Precision Mapping of Coastal Wetlands: An Integrated Remote Sensing Approach Using Unoccupied Aerial Systems Light Detection and Ranging and Multispectral Data

Author:

Pricope Narcisa Gabriela1ORCID,Halls Joanne Nancie2,Dalton Elijah Garrett3,Minei Asami2,Chen Cuixian4,Wang Yishi4

Affiliation:

1. Department of Geosciences, Mississippi State University, Starkville, MS 39579, USA.

2. Department of Earth and Ocean Sciences, University of North Carolina Wilmington, Wilmington, NC 28409, USA.

3. Spatial Informatics Group LLC, Pleasanton, CA 94566, USA.

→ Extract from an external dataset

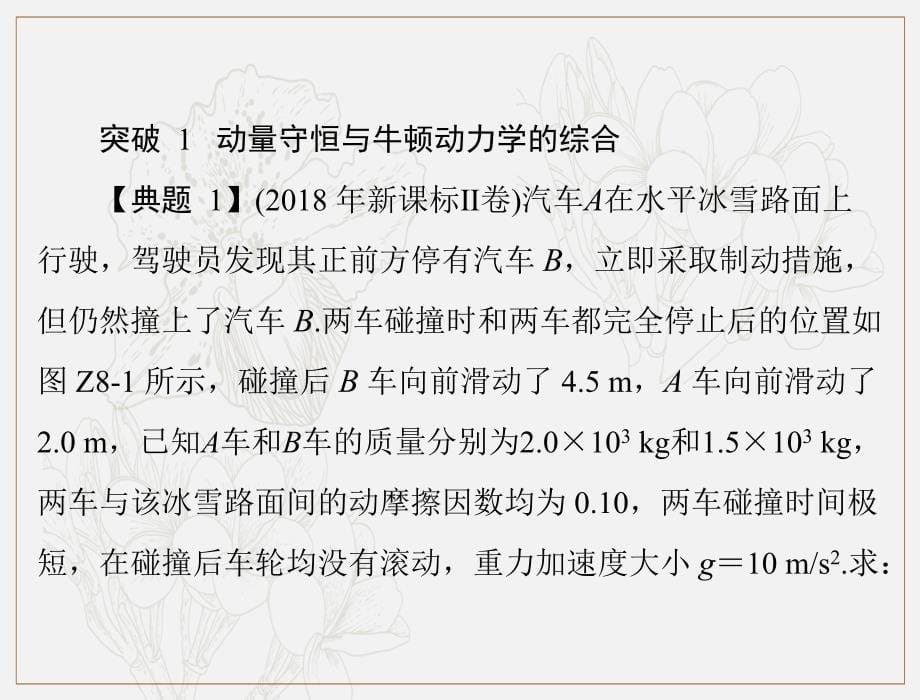 高考物理一轮复习课件：专题十一 小专题8 力学综合计算_第5页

4. Department of Mathematics and Statistics, University of North Carolina Wilmington, Wilmington, NC 28409, USA.

Abstract

Coastal wetlands, crucial for global biodiversity and climate adaptation, provide essential ecosystem services such as carbon storage and flood protection. These vital areas are increasingly threatened by both natural and human-induced changes, prompting the need for advanced monitoring techniques. This study employs unmanned aerial systems (UASs) equipped with light detection and ranging (LiDAR) and multispectral sensors to survey diverse wetland types across 8 sites in North Carolina. Utilizing high-resolution elevation data and detailed vegetation analysis, coupled with sophisticated machine learning algorithms, we achieved differentiated and highly precise classifications of wetland types. Classification accuracies varied by type, with estuarine intertidal emergent wetlands showing the highest classification accuracies due to less complex vegetation structure and clearer spectral signatures, especially when collections account for tidal influence. In contrast, palustrine forested and scrub–shrub wetlands presented lower accuracies, often due to the denser, mixed, and more complex vegetation structure and variable inundation levels, which complicate spectral differentiation and ground returns from LiDAR sensors. Overall, our integrated UAS-derived LiDAR and multispectral approach not only enhances the accuracy of wetland mapping but also offers a scalable, efficient, and cost-effective method that substantially advances conservation efforts and informs policy-making for coastal resilience. By demonstrating the usefulness of small-scale aerial data collection in ecological mapping, this study highlights the transformative potential of merging advanced technologies in environmental monitoring, underscoring their critical role in sustaining natural habitats and aiding in climate change mitigation strategies.

Funder

North Carolina Department of Transportation

Publisher

American Association for the Advancement of Science (AAAS)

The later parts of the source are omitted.